Make your primitives as high level as possible

1. Prefer baked shapes to procedural primitives.
2. Prefer procedurals to strips or point batches
3. Prefer strips or point batches to quads, quads to tris.

For example, HUDs are often drawn with immediate or immediate-like rendering. If you can, bake the HUD so you can submit it as a single primitive. If the HUD has a highly variable part, try baking all of it except for the variable part, and have that have a fixed data size so you can just blit in what you need.

If you must support submission of arbitrary lists of primitives, collate the primitives into baked buffers; don't submit individual primitives to the driver except as an extreme last resort (even in OpenGL).

Treat text blocks and particle systems as single primitives. Maintain a single buffer or set of buffers, and recycle it. There will be an optimal size for this buffer that is a tradeoff between your application's requirements and hardware/driver performance. Profile often.

If you have a shape that you will re-use for several frames, bake it.

If you frequently use some shape like a disc, parameterize it, and blit it into your render stream as a high level disc primitive.

Use the notion of materials, never the fixed function pipeline (don't use a model of the FFP either!)

• The driver will maintain an internal state machine tracking your operations versus its internal state which represents a virtual model of the fixed function pipeline. In general all this state tracking is expensive.
• You need to minimize the state changes that are costly - and you will need to measure the hardware to find out what is actually slow. Don't trust what you read in a book or found on the web. It changes frequently.
• Create immediate mode materials that are blocks of expensive state change. Submit these blocks to the pipeline in chunks; don't do it in dribs and drabs.
• Order your renders to minimize invocations of these blocks. For typical immediate modes, you might be able to boil these materials down to a small set such as "unlit, untextured", "unlit, textured", "lit, textured", "shiny lit, textured", "unlit, alpha transparency".
• You also need to know the cost of a texture bind. Depending on whether texture bind or other state change is more expensive you will need to order your draws by texture then sub-order by material, or material then sub-order by texture.

Create an "unbind" material that creates a state change block that undoes the immediate material bind so that you don't mung things up for the rest of your pipeline.

• All the materials should touch all of the same state.
• Only issue the unbind material before you revert to non-immediate rendering.
• Assign each material a number. Order the numbers such that moving from one material to the next in sequence touches the fewest pipeline states. (You'll see why when we get to the keys.) Here, we are relying on the driver internal state tracking to help us minimize the cost of material binding.
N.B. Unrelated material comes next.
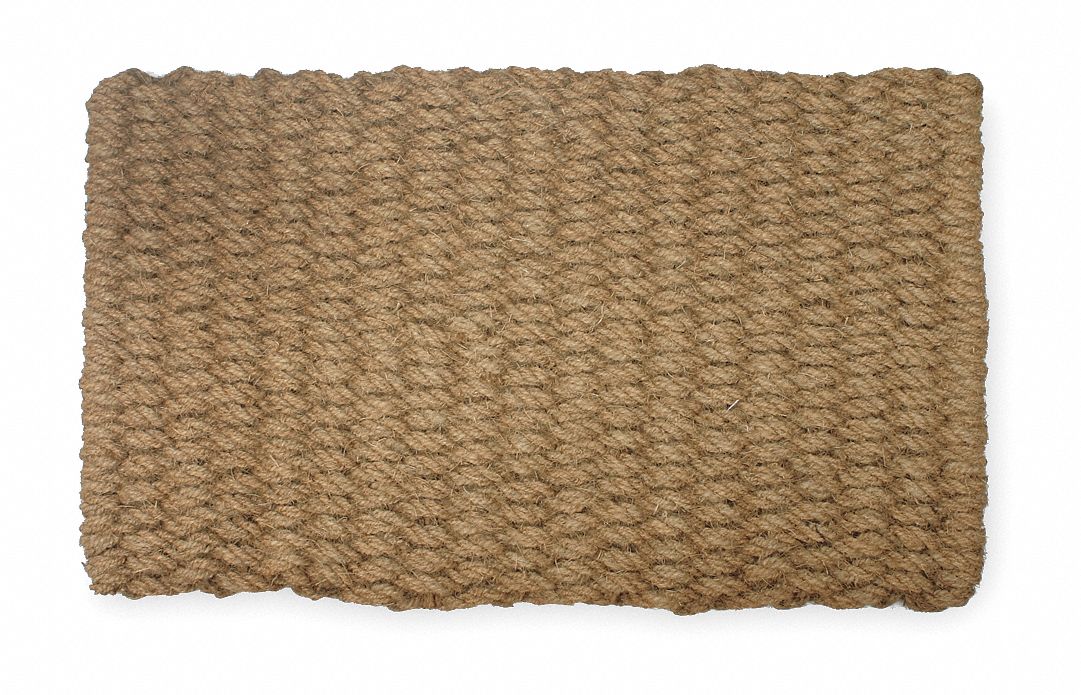 Mat, Rope, Coir, Natural, 18x30In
Figure out what restrictions you can live with, and pick your restrictions for speed.

• If your application can get away with a text draw, and textured screen facing quads, support only that, and make it screamingly fast.
• So many things you think you need immediate for, such as manipulator axis, you can trivially do another way with baked geometry. If you can bake it, do!
• The immediate pipeline is your last resort.

Divide your rendering into phases. These phases are highly dependent on what you need your render engine to do to support your game. Typical phase breakdown might be

• z-depth pre-pass, non-alpha geo, alpha-geo, post-passes, composite, HUD

Assign a key to each batch of immediate renders. A typical 32 bit key might look like this (where 0 is the MSB):

• highest order bits to indicate render phase
• a few bits to indicate material
• a few bits to indicate a texture page in VRAM
• the rest of the bits for rough z-order. If you want to use early z-depth, make low numbers near the camera. If you need back to front ordering for painters', then use high numbers near the camera

Use sorted submission lists using the key and merge sort during just in time final push to hardware as discussed earlier in the Input Latency thread. If you can keep the submission lists persistent from frame to frame, a radix sort works well for the individual lists before the merge sort. I am assuming that the rest of you render engine is similar broken into phases in order that the immediate lists can be interleaved with other incoming draws from other threads.

Note that not all immediate rendering needs to be accumulated in submissions. The non-alpha geo phase in particular can be submitted interleaved with regular rendering for minimal latency. Unless you want to insert fences and syncs into your pipeline, all other order dependent phases will need to be accumulated into buffers. Fences and syncs can help you minimize RAM usage because the pipeline can demand that the engine cough up render requests at the right time, but you run the risk of stalling everything.

On some architectures, you can chain in render primitives without copying the data into a GPU queue; in that case you're golden because you can just make DMA thread through all your drawing. The major caveat there is to make sure the data isn't discarded or overwritten until the DMA has chased past its end. With careful structuring, you can save large amounts of memory for things like water surfaces if you can queue up the next frame of simulation for the precise moment the DMA is done with the last frame's vertices.